TASK DETAILS ▸ Exactly the lines from the one with "Oversized trui met" through the end of the records below are needed, minus any pictures.

::: DATA EXTRACTS

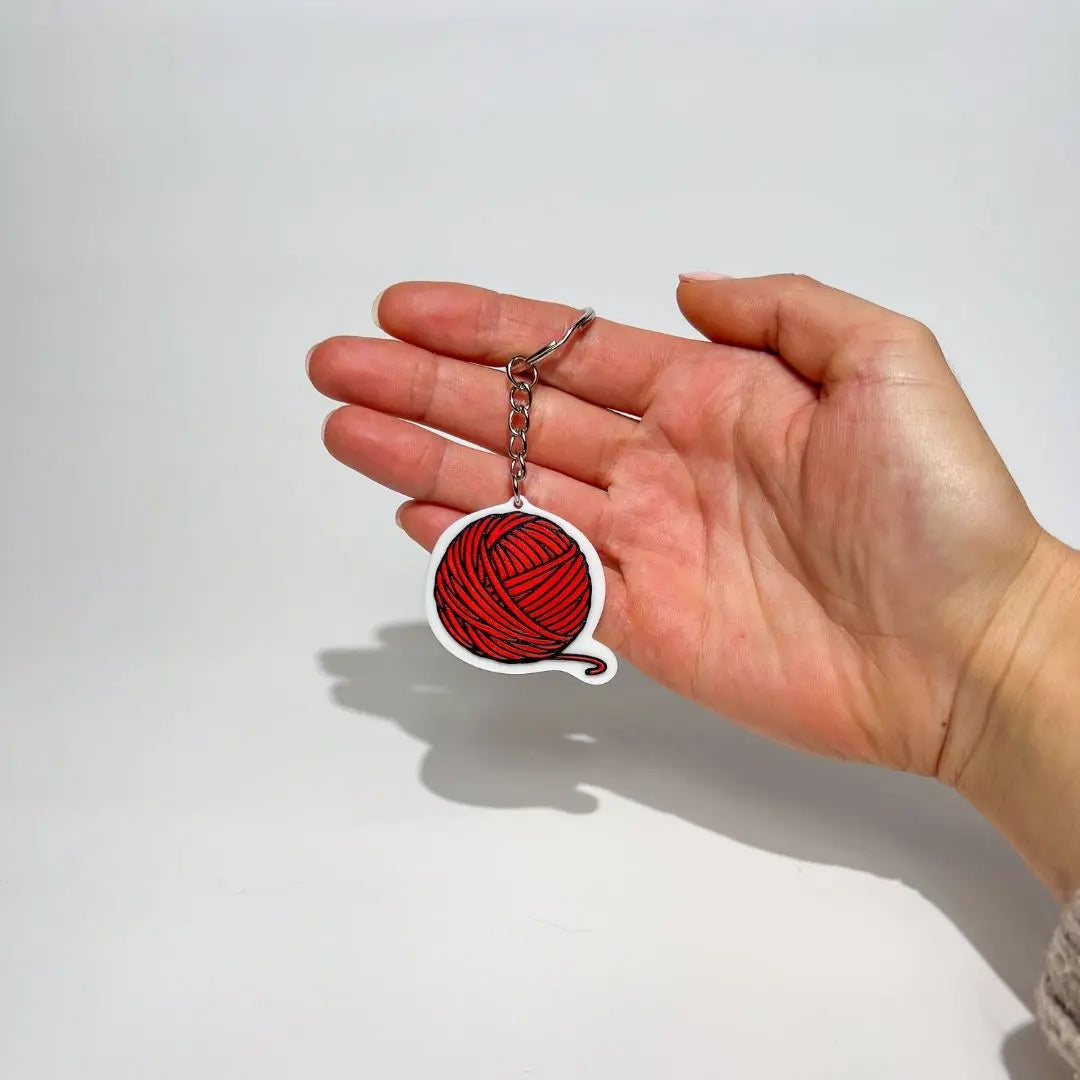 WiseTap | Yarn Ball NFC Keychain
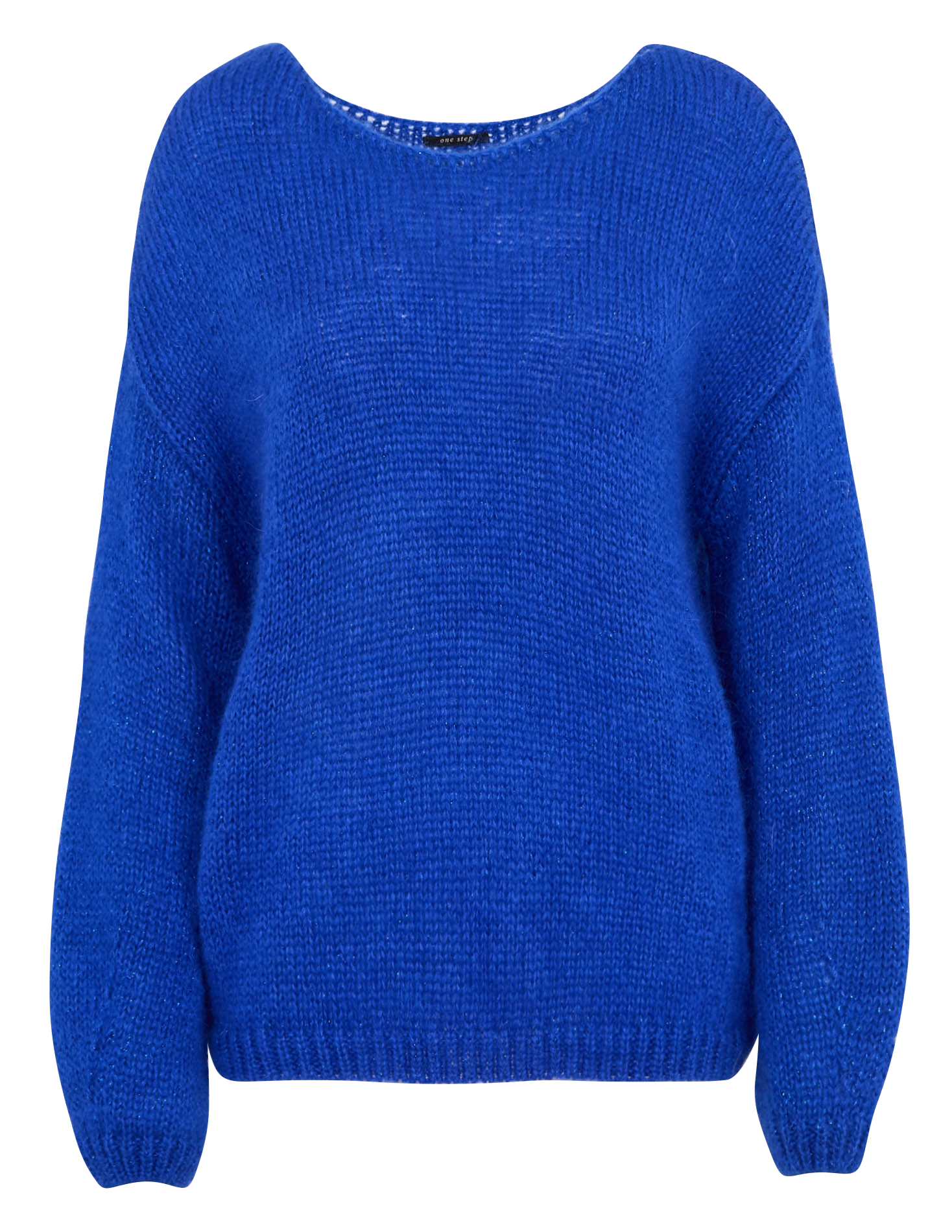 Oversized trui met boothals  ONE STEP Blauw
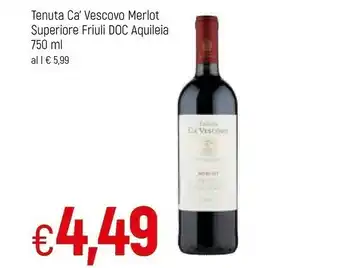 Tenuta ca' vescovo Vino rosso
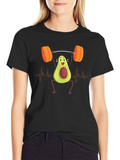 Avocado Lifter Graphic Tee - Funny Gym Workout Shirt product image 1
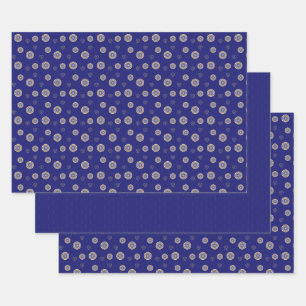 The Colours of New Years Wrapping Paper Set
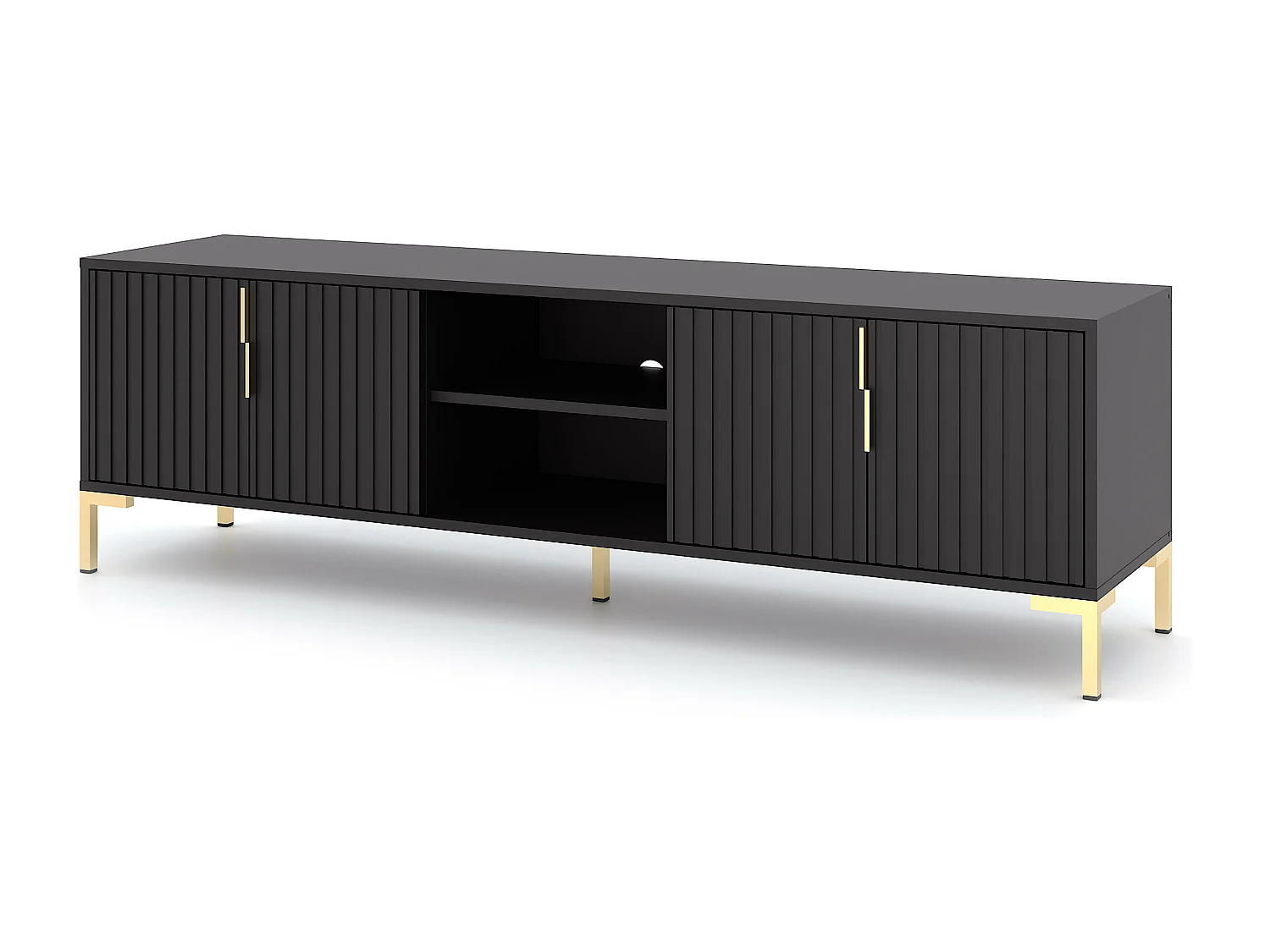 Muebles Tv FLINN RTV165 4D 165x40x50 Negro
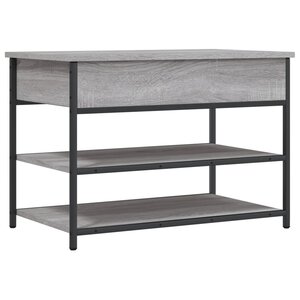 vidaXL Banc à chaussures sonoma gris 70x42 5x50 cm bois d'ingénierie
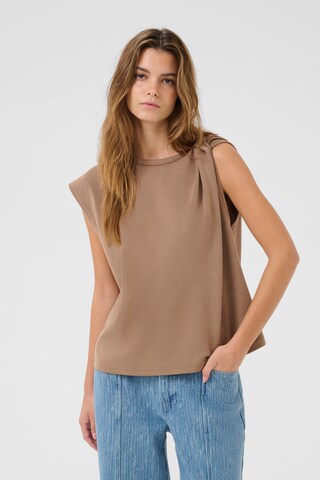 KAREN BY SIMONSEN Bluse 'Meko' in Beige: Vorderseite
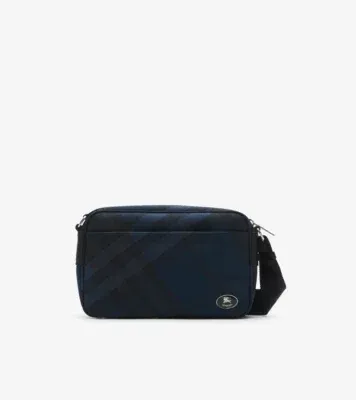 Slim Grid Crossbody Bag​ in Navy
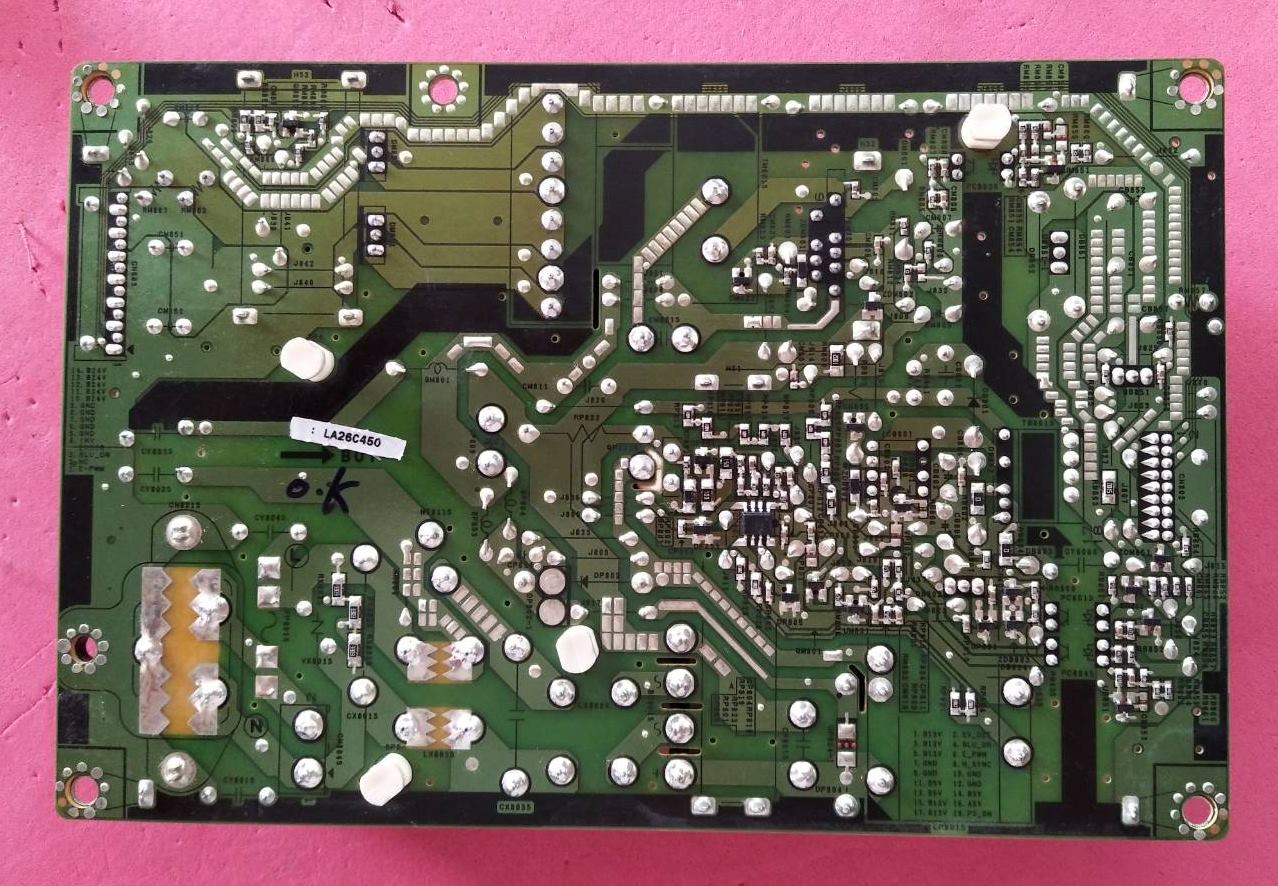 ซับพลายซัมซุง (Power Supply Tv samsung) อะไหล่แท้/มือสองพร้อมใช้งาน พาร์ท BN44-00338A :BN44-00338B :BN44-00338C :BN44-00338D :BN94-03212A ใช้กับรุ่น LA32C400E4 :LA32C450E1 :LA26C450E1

::::::

RESPONSE AREA ▸
 Oversized trui met boothals  ONE STEP Blauw
 Tenuta ca' vescovo Vino rosso
 Avocado Lifter Graphic Tee - Funny Gym Workout Shirt product image 1
 The Colours of New Years Wrapping Paper Set
 Muebles Tv FLINN RTV165 4D 165x40x50 Negro
 vidaXL Banc à chaussures sonoma gris 70x42 5x50 cm bois d'ingénierie
 KAREN BY SIMONSEN Bluse 'Meko' in Beige: Vorderseite
 Slim Grid Crossbody Bag​ in Navy
 ซับพลายซัมซุง (Power Supply Tv samsung) อะไหล่แท้/มือสองพร้อมใช้งาน พาร์ท BN44-00338A :BN44-00338B :BN44-00338C :BN44-00338D :BN94-03212A ใช้กับรุ่น LA32C400E4 :LA32C450E1 :LA26C450E1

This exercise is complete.